Altra musica (ma solo apparentemente, la sostanza rimane identica) nei territori curdi entro i confini iracheni, sotto continuo attacco da parte di esercito e aviazione turchi. Anche nel dopo-terremoto e nonostante la tregua annunciata, immediatamente dopo le devastanti scosse del 6 febbraio, dall’Unione delle Comunità del Kurdistan (KCK, l’organismo che riunisce e coordina le varie componenti del movimento di liberazione curdo).
In un comunicato delle Forze di Difesa del popolo (HPG, considerato il braccio armato del PKK) si sostiene che soltanto nella giornata del 19 febbraio Ankara avrebbe scatenato ben 56 (cinquantasei!) attacchi contro le zone in cui è presente la Resistenza curda.
Sia con i caccia (una decina di attacchi) che con carri armati, obici, mortai e altro armamento pesante (per altri 46 attacchi complessivi).
Le zone maggiormente bombardate dall’aviazione sarebbero quelle di Werxelê e i dintorni di Geliyê Balinda e di Wargeha Şehîd Rêber. A cui bisogna aggiungere anche le zone di Gundê Girê, Gundê Bîrkiyetê e Xêrê.

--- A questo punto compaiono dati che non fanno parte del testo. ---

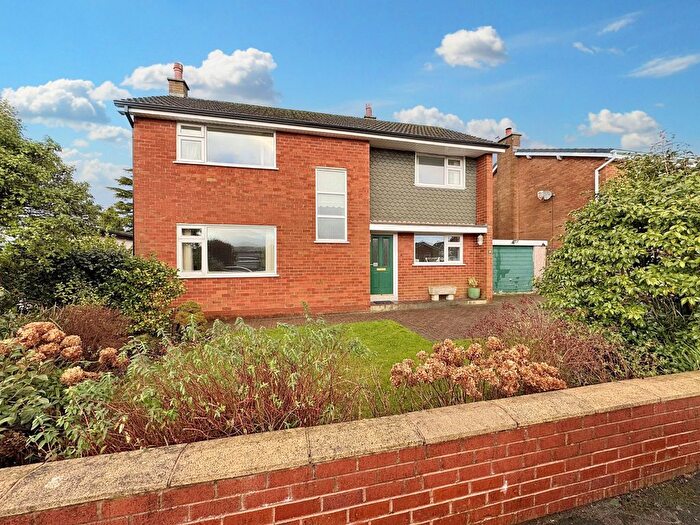 4 Bedroom Detached House For Sale In Yewlands Drive, Garstang, Preston, PR3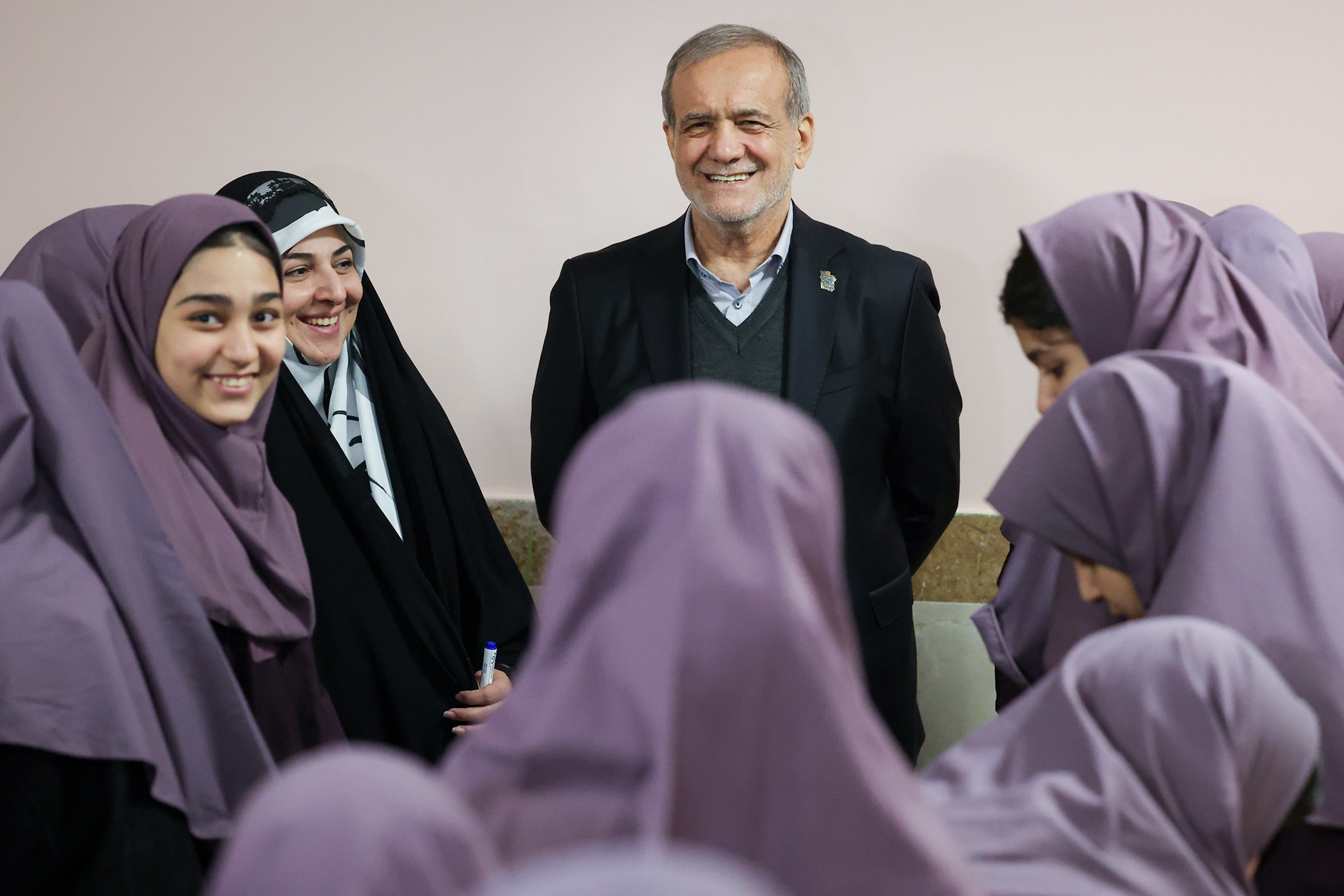 پزشکیان: نباید شرایط و وضعیت موجود کشور را بپذیریم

Invece i colpi dell’artiglieria si sono riversati soprattutto sull’area di Girê Cûdî, su Çemço (dove è maggiormente insediata la guerriglia) e nella regione di Zap (in particolare contro l’obiettivo del villaggio di Sîda).
Da parte loro, coerentemente con la tregua decretata unilateralmente, i partigiani curdi mantengono soltanto l’opzione difensiva.